Mit «Cash Day» probierte der Münchner Sender ProSieben in der zurückliegenden Woche am Vorabend eine neue Programmfarbe. Eigenproduziertes statt Trickware aus Amerika. Der Umstand, dass ein Sturm der Entrüstung seitens der «Simpsons»-Fans ausblieb, spricht Bände. Das war früher schon mal anders. 2017 unternahm ProSieben den Versuch, die tägliche Dosis an Geschichten aus Springfield zu reduzieren, ersetzte eine «Simpsons»-Folge durch «The Big Bang Theory». Doch Sheldon und Co. bekamen den Zorn der eingefleischten Springfield-Fans zu spüren – und wichen nach kurzer Zeit wieder.

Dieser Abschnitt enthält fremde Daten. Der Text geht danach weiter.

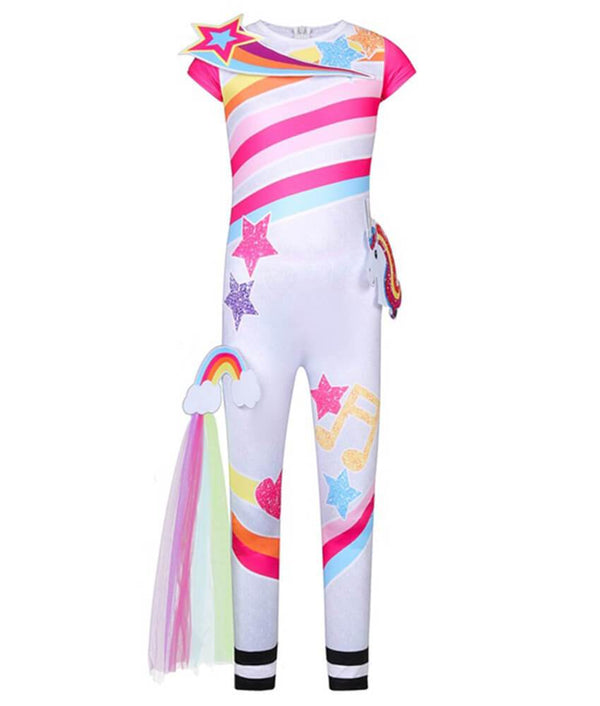 3-10 Years Girls Rainbow Unicorn Catsuit School Play Party Costume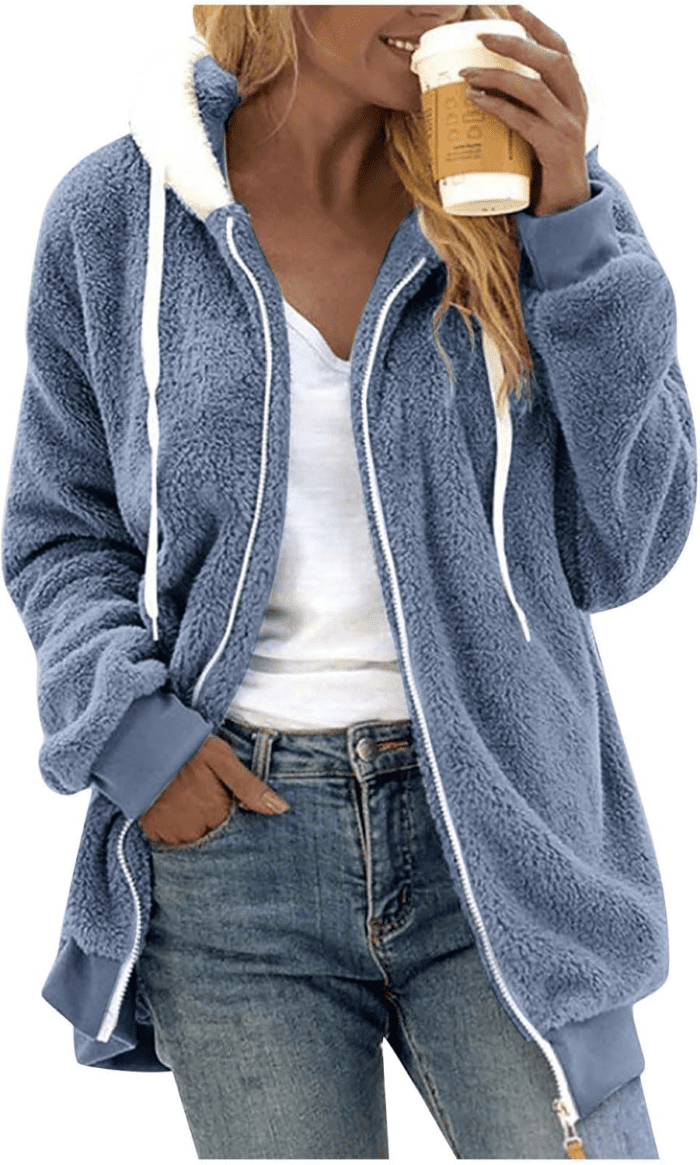 Winter Coats for Women Fuzzy Fleece Jacket Hooded Color Block Patchwork Cardigan Coat Outerwear with Pocket S-5XL - Image 2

Schon 2006 erlebte eine ProSieben-Eigenproduktion ein ähnliches Phönomen. Die Telenovela «Lotta in love» aus dem Hause Rat Pack ist aber ein ganz eigenes Phänomen. Sie entstand in einer Zeit, in der das Genre Telenovela das heiße Eisen im Feuer war. Einige Jahre zuvor hatte das ZDF mit «Wege zum Glück» das erste Format dieser Coleur auf den Markt gebracht, fast zeitgleich begann der Sat.1-Vorabend-Siegeszug mit «Verliebt in Berlin». RTL konzipierte «Alles was zählt» damals als Telenovela, erst kurz vor dem Sendestart schwenkte man konzeptuell um und bugsierte die Eislauf-Serie in Richtung Daily Soap. ProSieben derweil bereitete eine ganz junge Version einer Liebesgeschichte vor. Doch die Produktion hatte schon, ehe die erste Folge über die Bildschirme flimmerte, erste Stolpersteine zu nehmen. So wurde die letztliche Hauptfigur Lotta erst kurz vor knapp mit Janin Reinhardt besetzt. Der Sender hoffte, ihre Bekanntheit würde helfen, die Serie zum Erfolg zu machen. Eigentlich wollte man zunächst eine eher unbekannte Sängerin besetzen.
Was kam dabei heraus? In der ersten Woche schafften es die Episoden nur auf rund 800.000 Zuschauer, schon am Ende des ersten Ausstrahlungsmonats waren die Reichweiten auf unter 500.000 gefallen. «Verbotene Liebe», die zeitgleich gesendete Daily im Ersten, zeigte sich derweil von der jungen, frischen Konkurrenz bei ProSieben vollkommen unbeeindruckt – die Produktion aus dem Hause Grundy UFA (heute UFA Serial Drama) landete weiterhin stabil bei 15 Prozent Marktanteil insgesamt oder sogar mehr.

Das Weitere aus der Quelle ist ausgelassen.